There are 3-phases in the life cycle of usage: Authentication, Authorisation, Access. People commonly refer to ‘multi-factor authentication’, which enriches the information a user must know/have/be in order to properly authenticate themselves.

However, some security policies cannot be modelled simple as “do I know who this person is” in the authentication phase. These must be evaluated continually, rather than once when the user provides credentials. Below are a few example security policies that cannot be modelled solely with authentication.

Multi-Factor Required on Time-Interval or Based on Location

Imagine a user signs in on a device, and gets an ID Token, an Access Token, and, a Refresh Token. They can now present the access token until it expires, and, refresh it with the refresh token. This could be good for 1 week as an example, and be appropriate for usage of the corporate wiki or email.

Now imagine there is an application of significant importance to the company.
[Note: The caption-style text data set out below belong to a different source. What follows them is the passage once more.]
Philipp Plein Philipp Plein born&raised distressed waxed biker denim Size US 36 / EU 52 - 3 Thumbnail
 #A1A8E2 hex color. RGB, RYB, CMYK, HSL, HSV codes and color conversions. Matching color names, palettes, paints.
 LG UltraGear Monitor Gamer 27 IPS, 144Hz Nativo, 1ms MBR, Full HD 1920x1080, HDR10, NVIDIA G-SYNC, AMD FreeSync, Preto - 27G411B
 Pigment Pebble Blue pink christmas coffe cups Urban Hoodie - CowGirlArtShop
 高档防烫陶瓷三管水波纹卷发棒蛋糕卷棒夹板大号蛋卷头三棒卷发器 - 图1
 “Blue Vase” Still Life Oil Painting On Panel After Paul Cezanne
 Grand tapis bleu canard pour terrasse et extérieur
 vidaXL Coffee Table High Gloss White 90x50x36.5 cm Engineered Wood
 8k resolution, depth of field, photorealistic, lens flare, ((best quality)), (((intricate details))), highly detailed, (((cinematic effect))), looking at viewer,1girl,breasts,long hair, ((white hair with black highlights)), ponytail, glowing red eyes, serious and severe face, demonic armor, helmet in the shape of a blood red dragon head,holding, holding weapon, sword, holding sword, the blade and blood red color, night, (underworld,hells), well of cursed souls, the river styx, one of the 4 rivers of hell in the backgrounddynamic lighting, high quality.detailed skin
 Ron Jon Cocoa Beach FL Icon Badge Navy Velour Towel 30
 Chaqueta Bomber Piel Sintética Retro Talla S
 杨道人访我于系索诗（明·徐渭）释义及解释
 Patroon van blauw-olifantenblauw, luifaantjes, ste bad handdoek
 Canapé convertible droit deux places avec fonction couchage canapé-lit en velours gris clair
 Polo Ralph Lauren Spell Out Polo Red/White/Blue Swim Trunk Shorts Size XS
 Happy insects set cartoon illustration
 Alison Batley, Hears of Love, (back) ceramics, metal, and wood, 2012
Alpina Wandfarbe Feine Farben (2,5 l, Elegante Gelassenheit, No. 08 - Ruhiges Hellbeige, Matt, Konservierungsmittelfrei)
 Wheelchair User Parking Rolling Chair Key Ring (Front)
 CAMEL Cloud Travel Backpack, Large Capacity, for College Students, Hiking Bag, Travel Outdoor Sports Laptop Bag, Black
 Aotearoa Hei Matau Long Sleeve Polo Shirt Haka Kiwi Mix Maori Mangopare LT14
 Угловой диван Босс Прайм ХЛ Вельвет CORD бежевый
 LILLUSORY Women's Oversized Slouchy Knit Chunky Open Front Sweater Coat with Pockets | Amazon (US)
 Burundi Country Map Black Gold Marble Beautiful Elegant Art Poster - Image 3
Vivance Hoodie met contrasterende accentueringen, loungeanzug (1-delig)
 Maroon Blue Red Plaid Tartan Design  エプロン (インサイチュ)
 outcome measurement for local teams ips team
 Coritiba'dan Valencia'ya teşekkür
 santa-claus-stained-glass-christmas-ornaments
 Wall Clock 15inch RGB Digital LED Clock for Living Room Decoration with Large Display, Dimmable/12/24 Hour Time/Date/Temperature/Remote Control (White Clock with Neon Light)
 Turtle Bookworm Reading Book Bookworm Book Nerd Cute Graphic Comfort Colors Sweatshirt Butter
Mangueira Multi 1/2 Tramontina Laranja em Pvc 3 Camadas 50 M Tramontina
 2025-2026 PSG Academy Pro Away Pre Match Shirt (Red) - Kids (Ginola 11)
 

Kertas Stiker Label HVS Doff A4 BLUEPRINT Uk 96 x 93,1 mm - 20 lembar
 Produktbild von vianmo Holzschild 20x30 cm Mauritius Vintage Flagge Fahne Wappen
A breach of it would be have a larger downside than a breach of the wiki. The company has decided on a security policy such that the user must prove they are still in possession of the multi-factor device each 8-hour shift. This cannot be expressed with Authentication Rules.

GeoIP Restricted Access By Resource

Using Authentication Policies, we can control where a user is at sign-in time, but not where they are at time of use. Imagine a singular resource which requires a tighter knowledge of the user’s location proxied by IP. It might require allowing only from a specific IP range, or, only from certain countries, or, from everywhere except certain countries.

Configuration

Policies are created in isolation, and then attached to resources via labels. A policy can apply to multiple resources.

Step 1: Create Label To Attach Policy

Navigate to Resources/Overview. On the first resource you intend the policy to affect, type a name for it on the right (e.g. ‘canada-only’).

Now, select all resources to which it should apply, and then select ‘BULK REPLACE LABELS’, enter the name of your new label.

Step 2: Create Policy (Geo-IP / IP Restriction)

From Access/Policies, select NEW. Select ‘Device Information’, indicating that we will be using information relating to the user’s device for the policy.

Give the policy a name. Here we have used the same name as the label, but you can use any.

Configure the policy. Here as an example we will select the ‘country codes’, and, select CA for Canada.

Enter some information describing this policy (e.g. why you created it), and, the label from above. This policy will now apply to all resources with that label (you can later navigate to Resources/Overview to apply it to more new resources).